Zhang Siyuan said that official risk alerts directly affected market sentiment, causing investors to worry about the short-term prospects of related stocks. OpenClaw’s features of autonomous decision-making and system resource calls, combined with fuzzy trust boundaries and a lack of strict review for skill packages, pose significant security hazards. “Such policy risk warnings often exert short-term suppressive effects on emerging technology sectors, especially when involving cybersecurity and data privacy concerns.”
In addition, Bi Mengran believes that the previous overheating speculation and profit-taking by funds are also reasons for the “lobster” sector’s correction. She pointed out that the “lobster” concept initially surged due to the “全民养虾” (nationwide lobster-raising) craze and token monetization expectations, with related sectors like computing power leasing and cloud services hitting daily limits. The rapid rise led to overvaluation. “With the security warnings, profit-taking funds took the opportunity to exit, causing a collective sell-off and a sector correction.”
Moreover, Bi Mengran noted that the commercial realization of “lobster” companies has fallen short of expectations, putting pressure on investment logic. Although the “lobster” craze remains high, most listed companies have disclosed that their related businesses have not seen significant growth so far.
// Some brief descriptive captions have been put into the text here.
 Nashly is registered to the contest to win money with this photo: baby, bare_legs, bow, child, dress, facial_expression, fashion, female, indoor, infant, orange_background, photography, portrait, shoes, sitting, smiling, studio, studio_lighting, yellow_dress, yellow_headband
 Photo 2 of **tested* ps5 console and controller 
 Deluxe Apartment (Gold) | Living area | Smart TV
Investors have realized that earlier expectations were overly optimistic, lacking solid profitability, leading to profit-taking and sector decline.
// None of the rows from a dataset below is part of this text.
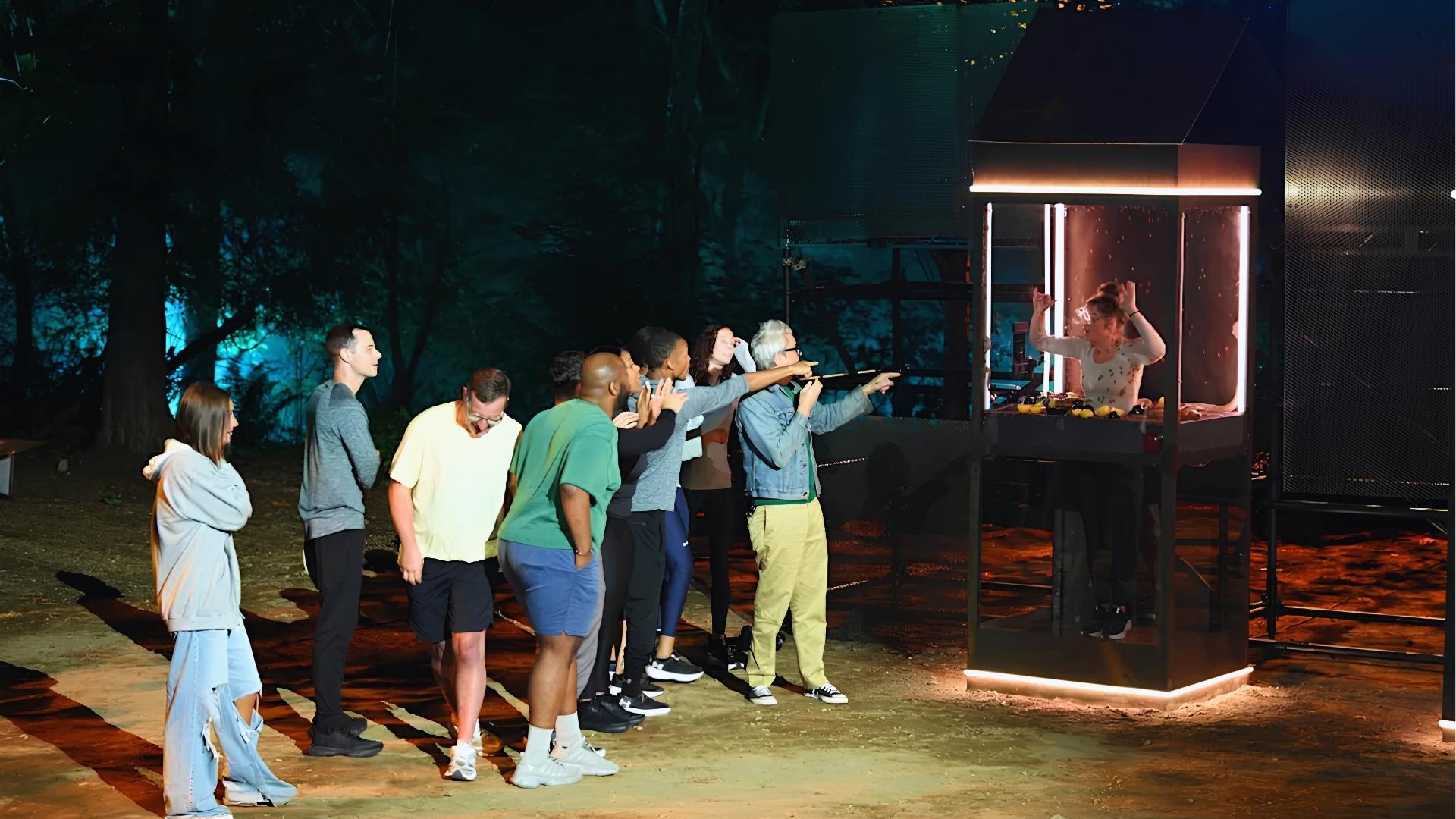 Night scene of group watching woman in lit glass challenge booth filled with bugs host in denim jacket points as contestants react.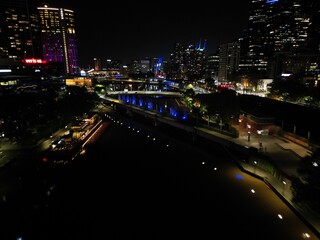 Fototapeta na wymiar aerial view of Melbourne city skyline at night High rise apartments and office space lit up in the dark displaying the City skyline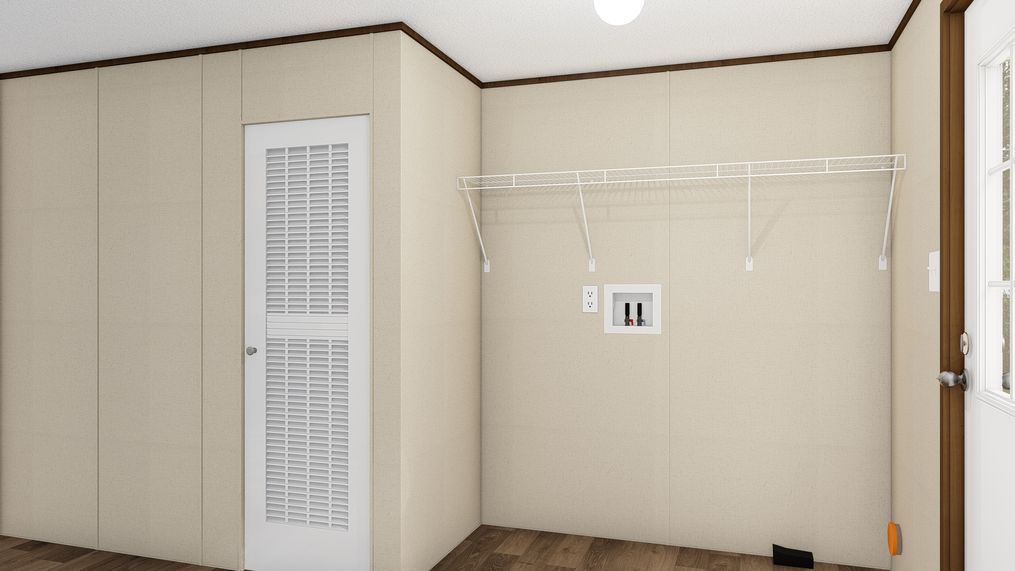 The THRILL Utility Room. This Manufactured Mobile Home features 3 bedrooms and 2 baths.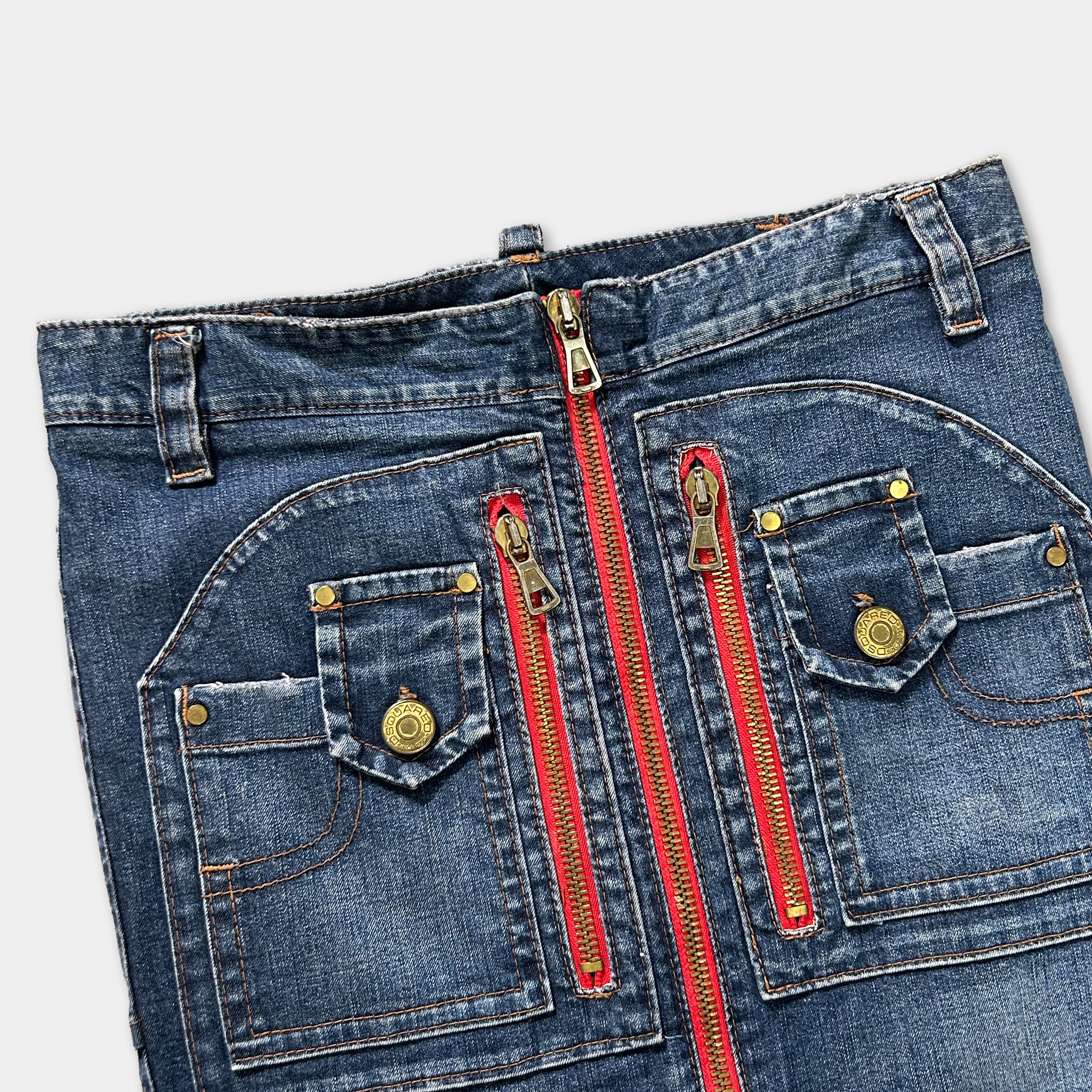 A pair of blue jeans with red zippers and gold buttons, featuring multiple pockets and zippers.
“Raising Lobsters” Should Follow the “Sandbox Principle”
Due to numerous security issues, interviewees all advised against blindly deploying or using “lobsters” by ordinary users, as the technology and security systems are still under development.
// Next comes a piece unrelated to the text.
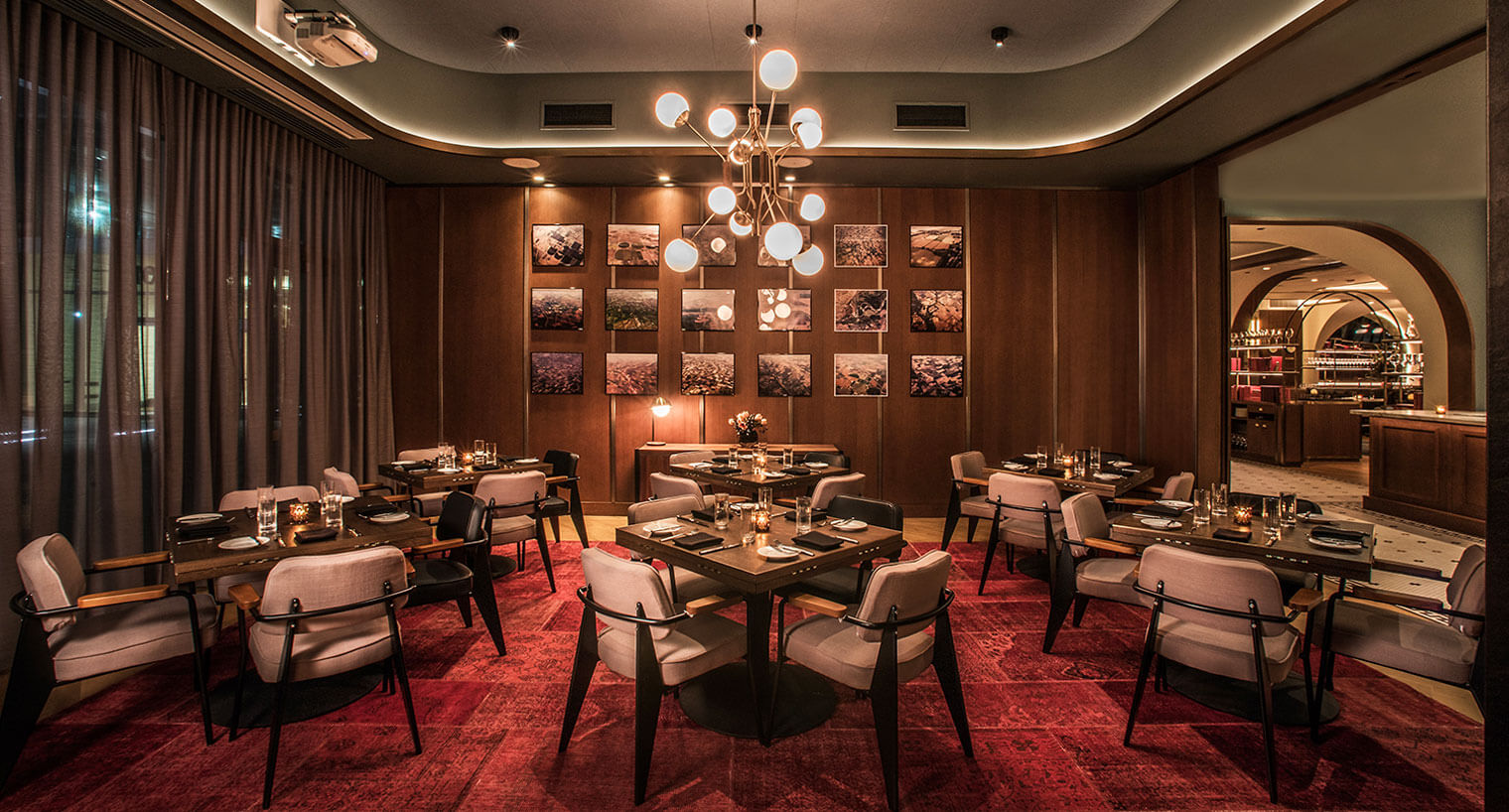 Swift and Sons dining area with red carpet and gallery style art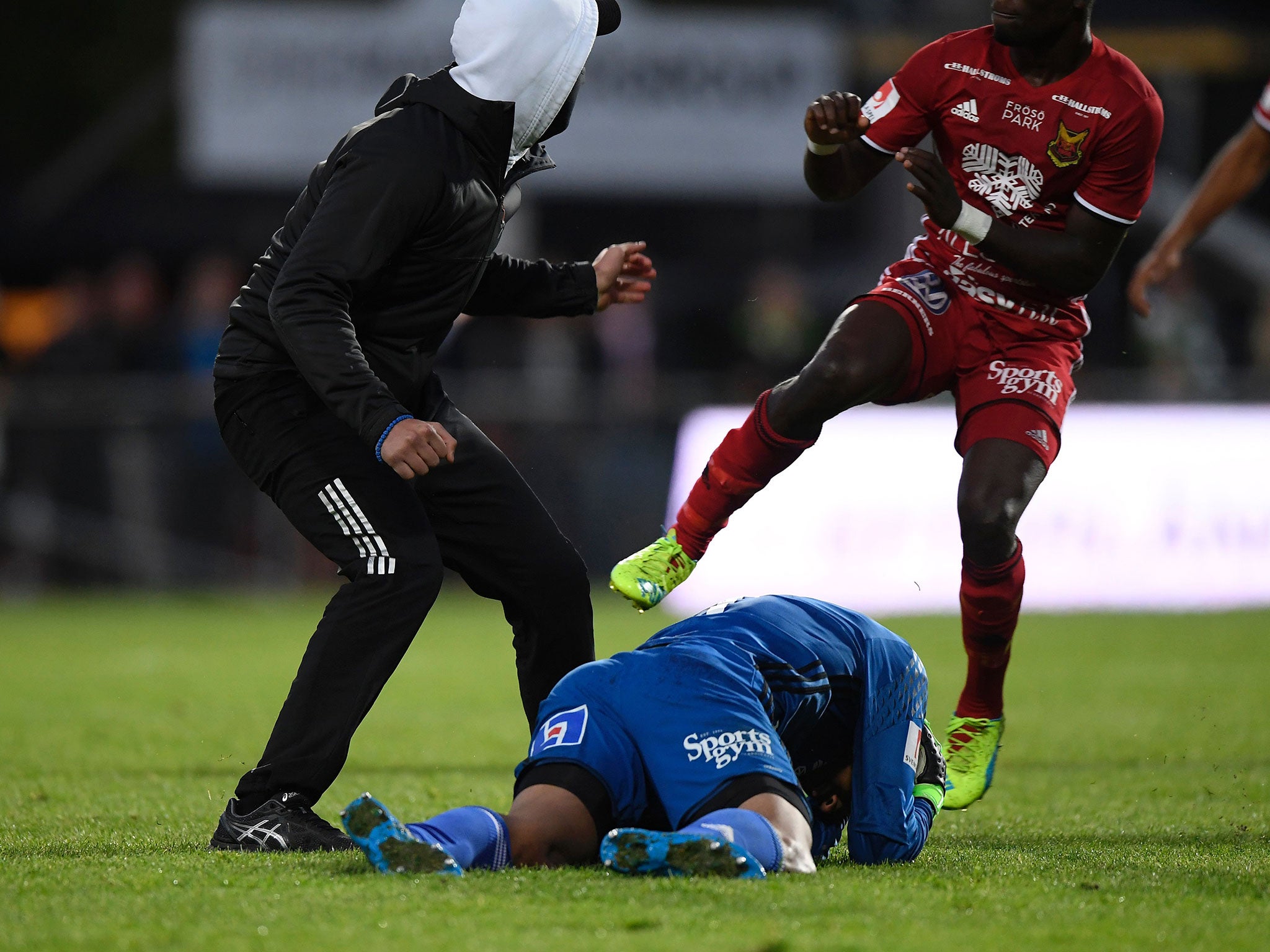 Ostersund's goalkeeper Aly Keita (R) remains on the ground after a masked spectator (L) attacked him during a football match between Jonkoping Sodra and Ostersund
Tian Lihui pointed out that this technology is still in the “laboratory stage,” not yet meeting the safety standards of consumer-grade products. If research purposes require experimentation, the “sandbox principle” should be followed: use completely isolated dedicated devices, configure credentials with the principle of least privilege, and strictly audit AI behavior logs. Before regulatory frameworks and technical standards are fully established, the best approach is to “observe” rather than “enter.” Respect for unknown forces may be more important than the courage to explore.
Angel investor and senior AI expert Guo Tao also told reporters that if netizens want to try “raising lobsters,” they should focus on: permission control, building isolated environments with sandbox and container technologies; command auditing, establishing input whitelist mechanisms to prevent prompt injection attacks; plugin governance, only using function modules from official channels to avoid malicious code; vulnerability response, tracking CVE (Common Vulnerabilities and Exposures) information in real-time, updating security patches promptly to reduce exploitation risks. For enterprise users, establishing security and compliance systems, clarifying usage scenarios and responsibilities is also necessary.
“From a broader perspective, the rapid rise of OpenClaw reflects the major trend of AI from ‘dialogue’ to ‘execution,’ but its security challenges also highlight the importance of AI governance. As technology matures and regulatory frameworks improve, AI agents are expected to play a greater role in a safer environment. But at this stage, users need to balance technological innovation with risk management,” Zhang Siyuan said.
From an investment perspective, Bi Mengran also advised ordinary investors not to blindly follow the “lobster” concept stocks. She stated that currently, “lobster” is still in the application exploration stage of AI iteration, with prominent security risks and less-than-expected commercialization. The short-term hype is mainly driven by capital speculation, and long-term investment value remains to be seen.